Las causas del fracaso, más que los efectos, son lo más preocupante del Consejo Europeo de Bruselas. En cuanto a efectos -¿o son causas?-, los más antieuropeos de la Administración de Bush podrán estar satisfechos. El año empezó con la carta de los ocho patrocinada por Aznar dividiendo a Europa sobre la inminente, porque ya estaba decidida, invasión de Irak. Y termina con otro aliado favorito, Polonia, impidiendo (con Aznar en menor medida) lo que hubiera sido el feliz nacimiento de la primera Constitución (o al menos así se llamará) para Europa. El Consejo Europeo llegó precedido de un intento más de sembrar la cizaña entre los europeos, con la exclusión de los díscolos Francia y Alemania, entre otros, de los contratos para la reconstrucción de Irak.

Desde un punto de vista práctico, que no político, el hecho de que la Constitución europea llegue ahora o en 2005 importa poco. Hasta 2009 el sistema institucional se iba a regir, en cualquier caso, por el Tratado de Niza. Pero va a resultar difícil culminar la Constitución en este clima enrarecido. Aunque lo sorprendente es que se haya llegado hasta aquí sin una crisis de importancia en los últimos años. La causa profunda de lo ocurrido hay que buscarla en la desconfianza que se ha acumulado durante años y ahora ha rebosado: entre instituciones; entre viejos y nuevos; entre grandes y pequeños; entre incondicionales proamericanos y europeístas en materia de seguridad; o entre España, que lleva años presentándose como el socio fiable del Sur, y la, por ello, dolida Italia.

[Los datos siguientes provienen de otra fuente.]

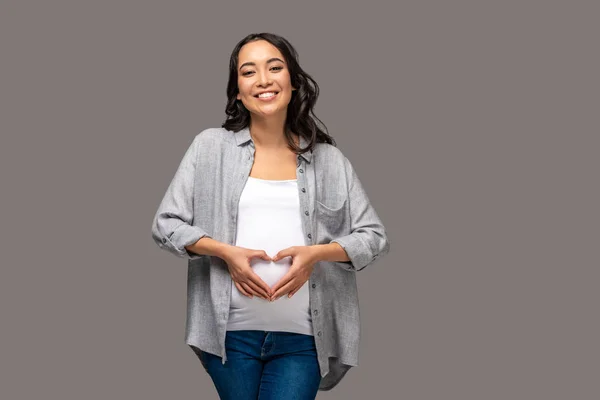 Молода щаслива вагітна азіатка з серцеподібними руками на животі ізольована на сірому — стокове фото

En ninguna ampliación anterior se desconfió tanto de los nuevos socios. Si los tratados de Amsterdam y de Niza ya tomaban precauciones frente a la ampliación, las previsiones de la non nata Constitución y los tratados de adhesión firmados las refuerzan en el terreno económico y en el del respeto a las normas democráticas. La desconfianza en esta necesaria pero mal preparada ampliación y la existencia de una asfixiante hiperpotencia solitaria ha llevado a algunos países fundadores a intentar amarrar bien la UE, en la Constitución o, ahora, en los "grupos pioneros" que pretende lanzar Chirac. Éste cree haber discernido una "cierta diferencia de cultura" entre los países que tienen una larga experiencia en Europa y los otros. Pero Francia también ha ido a lo suyo en todo este ejercicio constituyente. Y al impedir de malos modos el castigo por su incumplimiento del Pacto de Estabilidad ha creado un malestar que también ha contaminado la cumbre de Bruselas, tan desastrosamente llevada por la presidencia italiana.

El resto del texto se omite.